Um dos protocolos de ação que está sendo revisto pela polícia, ao menos em São Paulo, é o de levar todos os suspeitos detidos em protestos para uma mesma delegacia, segundo disseram à BBC Brasil policiais civis envolvidos com a investigação dos Black Blocs no Estado.
A medida vem sendo repensada porque, nas duas capitais, delegacias (a 9? DP do Rio e o 78º de São Paulo) foram cercadas por multidões de manifestantes que exigiam a libertação de seus companheiros.
A polícia teme que seus prédios sejam invadidos.
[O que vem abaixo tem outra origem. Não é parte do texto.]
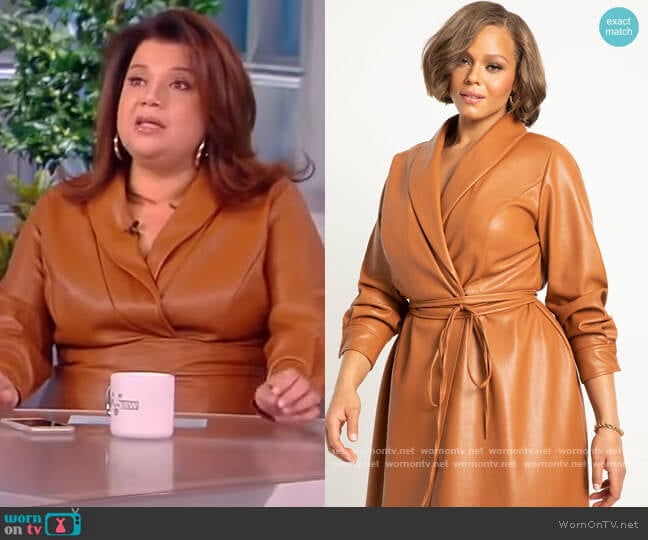 Faux Leather Wrap Dress by Eloquii worn by Ana Navarro on The View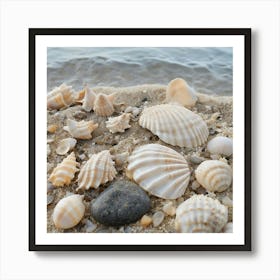 Assortment Of Seashells On Sandy Ocean Floor (1) Art Print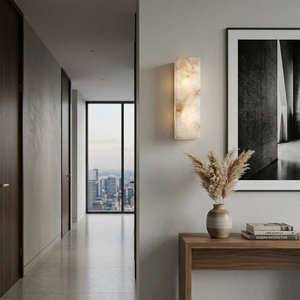 Rectangular Alabaster Wall Light - Elegant Foyer Entrance Console Light | HoaiLamp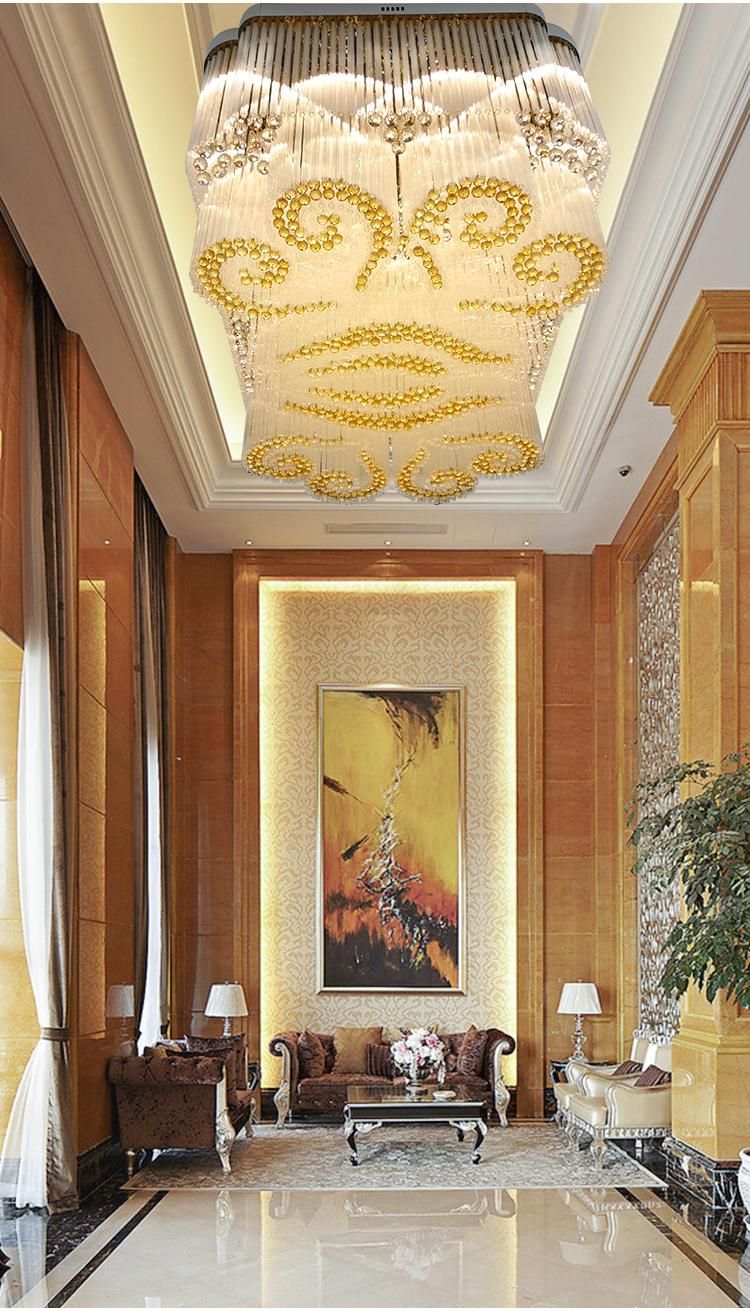 Factory Direct Sale Villa Hotel Commercial Gold Large Luxury Custom Engineering LED Ceiling Chandelier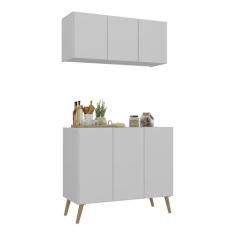 Kit Armário de Cozinha Aéreo e Balcão 3 Portas Retrô Multimóveis MP216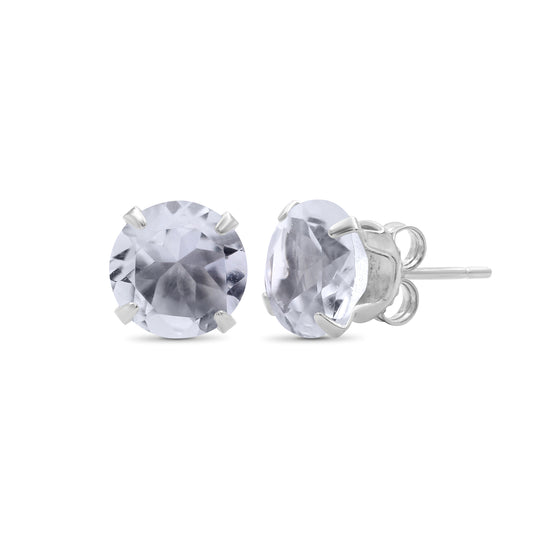 4.20 ct. T.G.W. Green Amethyst Stud Earrings in Sterling Silver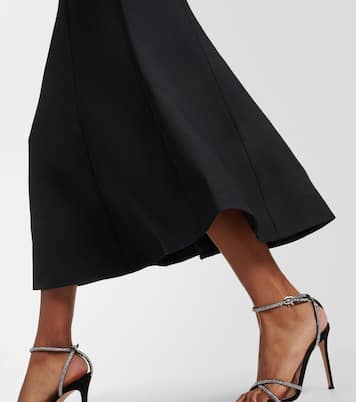 Jupe midi en laine et soie à ornements | Roland Mouret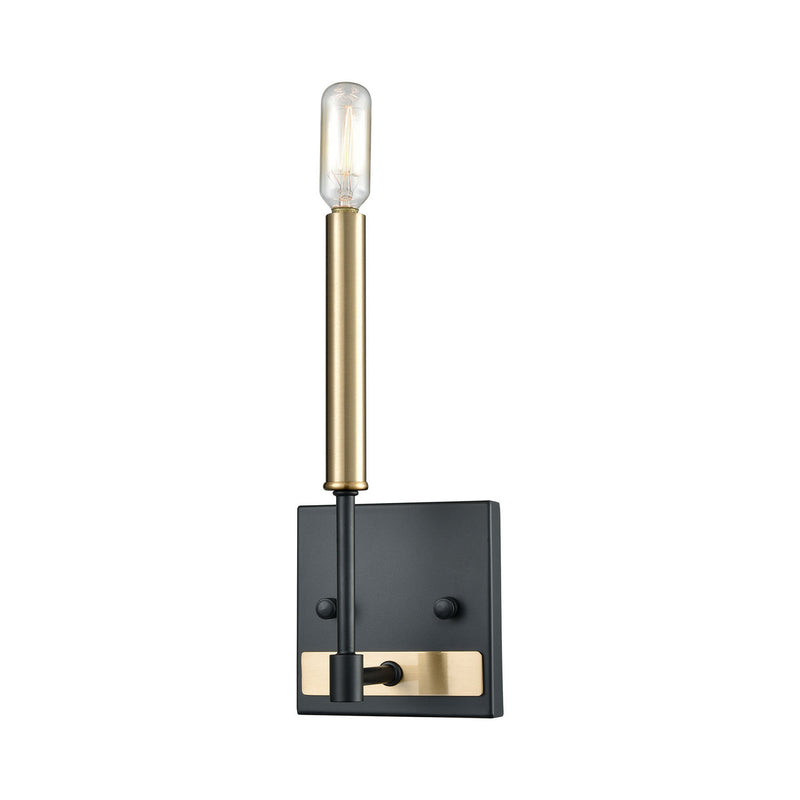ELK Home 15273/1 One Light Vanity Lamp, Matte Black, Satin Brass, Satin Brass Finish - At LightingWellCo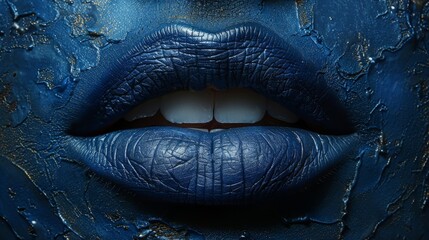  A zoomed-in photo of an individual's mouth, featuring blue lipstick and a white liquid within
Por isso devem passar a dividir os grupos de suspeitos detidos em diferentes locais durante os protestos.
A Secretaria de Segurança de São Paulo tenta também unificar as ações das diversas unidades da polícia com a criação, na semana passada, de uma força-tarefa formada por diversas unidades das polícias civil e militar, além de membros do Ministério Público.
Táticas
Policiais relacionados à investigação dos Black Blocs em São Paulo afirmaram à reportagem suspeitar que o grupo elabora táticas não só para evitar sua identificação pela Polícia Civil, como também para atacar os policiais militares durante os protestos.
Policiais disseram que grupos de manifestantes organizados estão a par de um procedimento comum da polícia, o de investigar pessoas que buscam tratamento em prontos-socorros logo após um grande protesto ou choque com policiais.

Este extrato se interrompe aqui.